As a camper (and now counselor) of the Aloha Foundation camps, Success Counseling has always been a part of my camp experience. However, outside of camp, I feel as if this method for handling discipline problems is not talked about enough outside of camp. So what better place to talk about it than the internet?
That lovely man smiling in that picture is none other than Barnes Boffey, director of Camp Lanakila from 1992 to 2016. Along with spending 50 summers (yes, you read that correctly) at the camp, Barnes holds a doctorate in Education from the University of Massachusetts and was the Director of Elementary and Secondary Teacher Preparation at Dartmouth College for 10 years. He is also the designer of the Success Counseling model, which has been used at the Aloha Foundation since 1992, and since its creation, has spread out to other summer camps as well.
What is Success Counseling and what is it based on?
Success Counseling is based on the William Glasser Choice theory, which states that every human being has five basic needs:
1. love and belonging
2. power and worth
3. fun
4. freedom
5. survival
Glasser states that every choice made by a human being is made with getting those needs met, through one way or another. With this theory, Boffey created a model towards disciplining children which allows them to analyze their behavior instead of reprimanding them for it without understanding what they've done.

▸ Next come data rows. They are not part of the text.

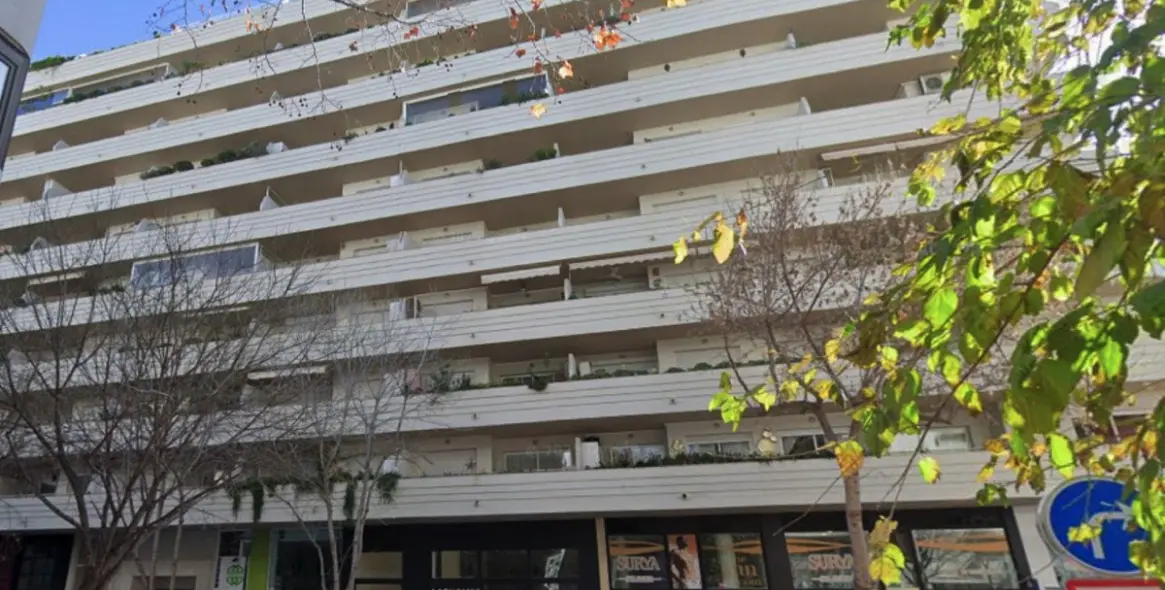 Sale of middle floor apartment in Marbella 2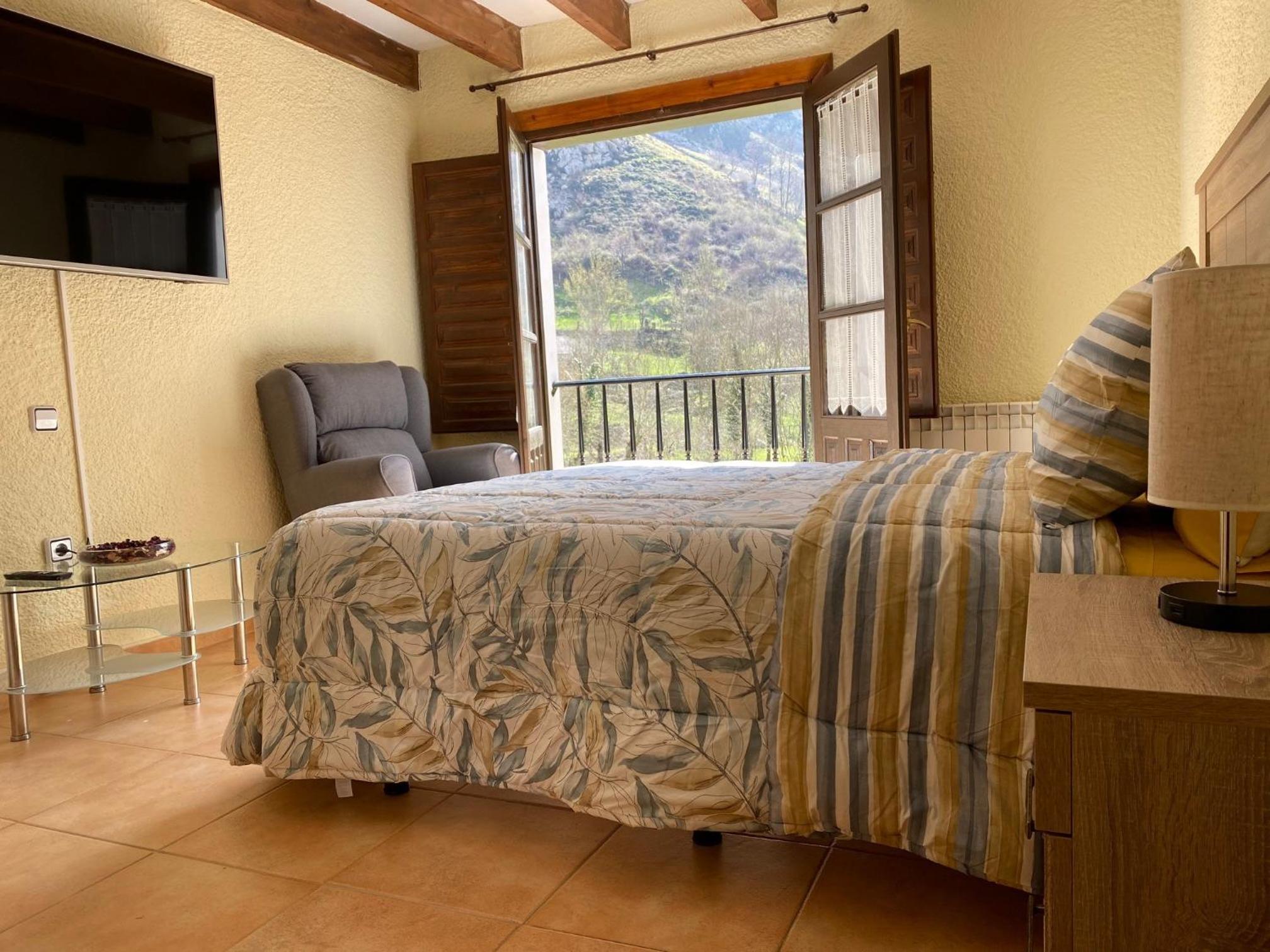 Deluxe King Room - Photo 1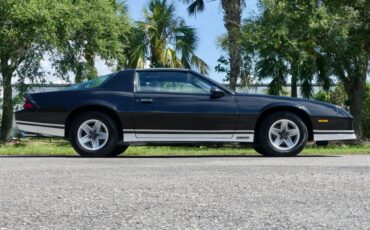 Chevrolet-Camaro-1983-Black-Gray-33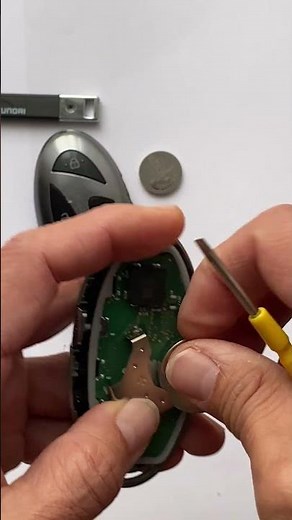 Hyundai Tucson Key Fob Battery Replacement (2021-2024) #shorts #automobile #keyfob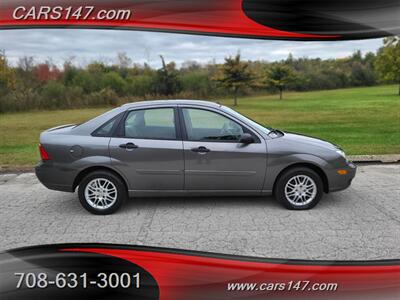 2007 Ford Focus ZX4 SE   - Photo 5 - Midlothian, IL 60445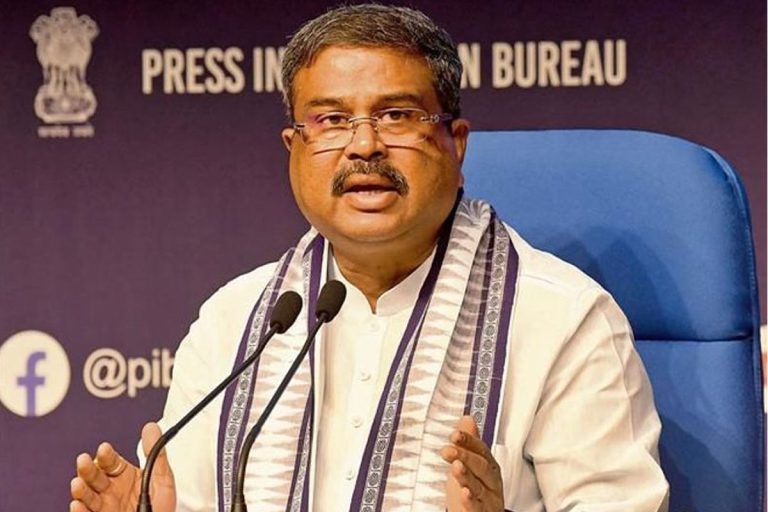 ‘ভুল হয়েছিল, রি-নিটে শুধরে নিয়েছি’, প্রশ্নফাঁস নিয়ে স্বীকারক্তি কেন্দ্রীয় শিক্ষামন্ত্রীর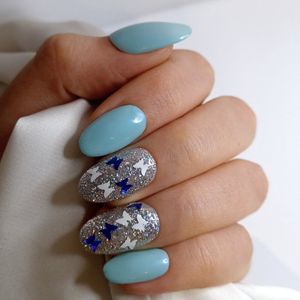 SD Press on Nails - B-15 - Plaknagels met nagellijm - Medium Ronde Kunstnagels - Blauw Zilver Vlinder - Set 20 Kunstnagels handgemaakt van gellak - Nagellak - Nepnagels - Accessoires - Nail Art - Kunst nagels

For this, you need to ask the person 5 questions:
1. What do you want?
2. What are you doing now to get what you want?
3. Is it helping?
4. Why or why not?
5. What are your other options?
After the 5th step, you would make a plan with the person to check-in on how they've improved (or haven't) with the situation.

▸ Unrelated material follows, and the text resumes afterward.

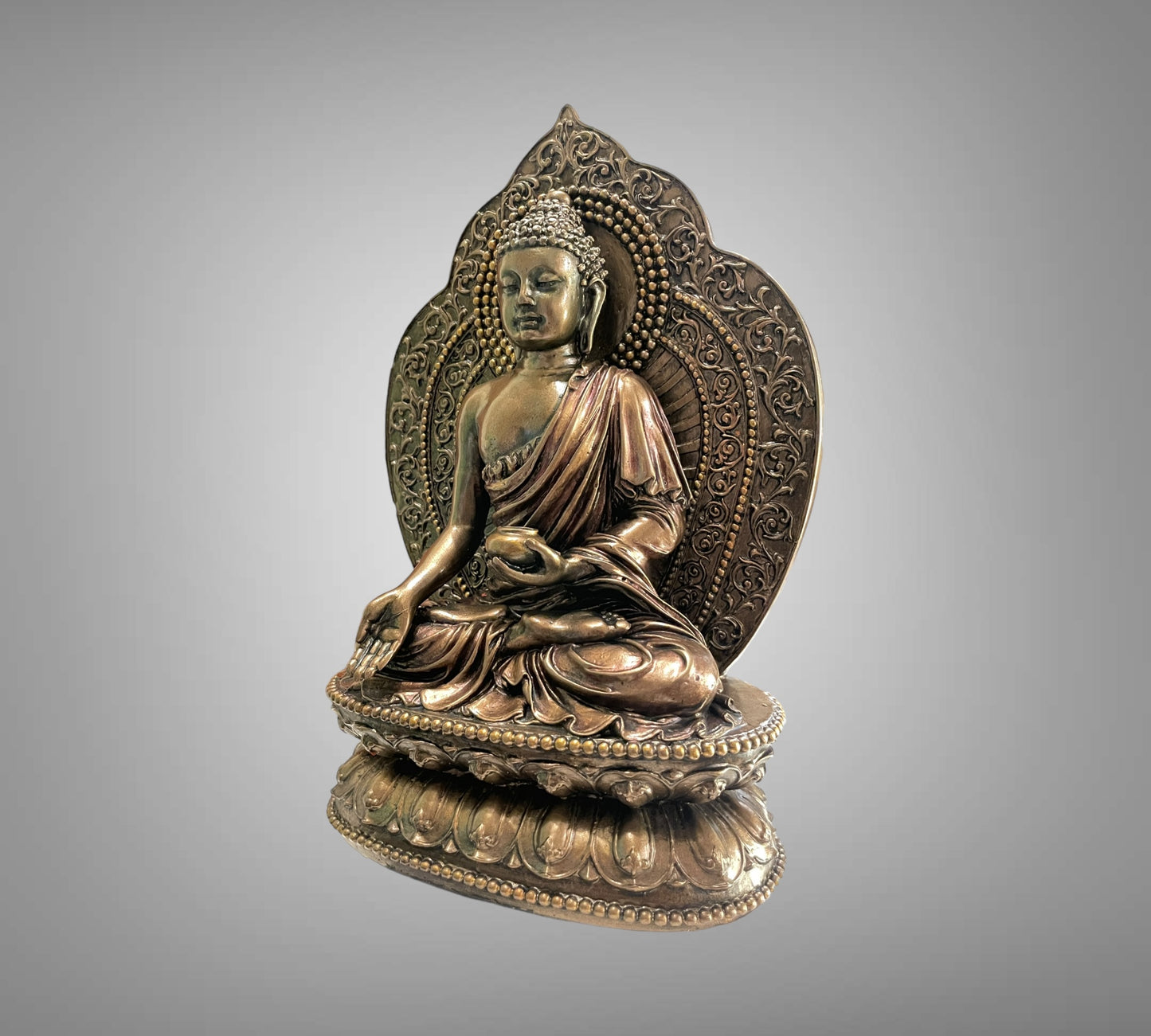 Tranquil Serenity: Bronze Meditating Buddha Sculpture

As a person who was a camper and now as a counselor has learned the ways of success counseling, I can definitely recall moments when Success Counseling helped me analyze my actions and my consequences of things I thought had been silly, or when it helped me when I was depressed because I felt like I was being excluded and laughed at. One of the key components of this method is the direct questioning of what that person needs and their analyzation of the effectiveness of what they've been doing to get what they want; I believe that it is important for this model to be used with children when disciplining them, since they are used to getting immediately punished for something they are told is wrong at school, and with this method, they are given a sense of independence when asked to analyze their actions and consequences and giving them a part in finding a better way to get what they need.

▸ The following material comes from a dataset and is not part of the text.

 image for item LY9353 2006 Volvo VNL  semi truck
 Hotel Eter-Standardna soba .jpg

When the counselors were practicing using this model of discipline during our training week, I'll be honest, I was terrified. We were just two counselors practicing a fake situation, how would it be when we would actually have to use the model on the campers? Would I be able to help them analyze their situation correctly? It eventually happened by the end of camp, as one of the girls in my unit told me how she was feeling frustrated and stressed out because she thought that her counselor was always shouting at her to clean her area, but she felt that her tentmates' areas were significantly messier than hers but were not yelled at as much as she was. After realizing that what she wanted was some personal space and free time (which she felt that with her constant cleaning of the tent made her give up most of her free time) she and I agreed to go to our Unit Head and see if she could moderate a conversation between the camper and her counselor. Since it was by the end of camp, I never was able to check in with her, but I felt like I actually made a difference in helping the camper with her situation.
Obviously, Success Counseling will not be immediately used in all schools and/or summer camps, and if it is adopted by them, this will most likely be interpreted to fit the school and/or camps' rules and traditions. However, I hope that it will be more recognized, as I believe that the time of punishing without analyzing consequences has come and gone, leaving those who've done wrong to not fully understand their mistakes. As Bram Stoker wrote in his famous novel Dracula, "We learn from failures, not from success!"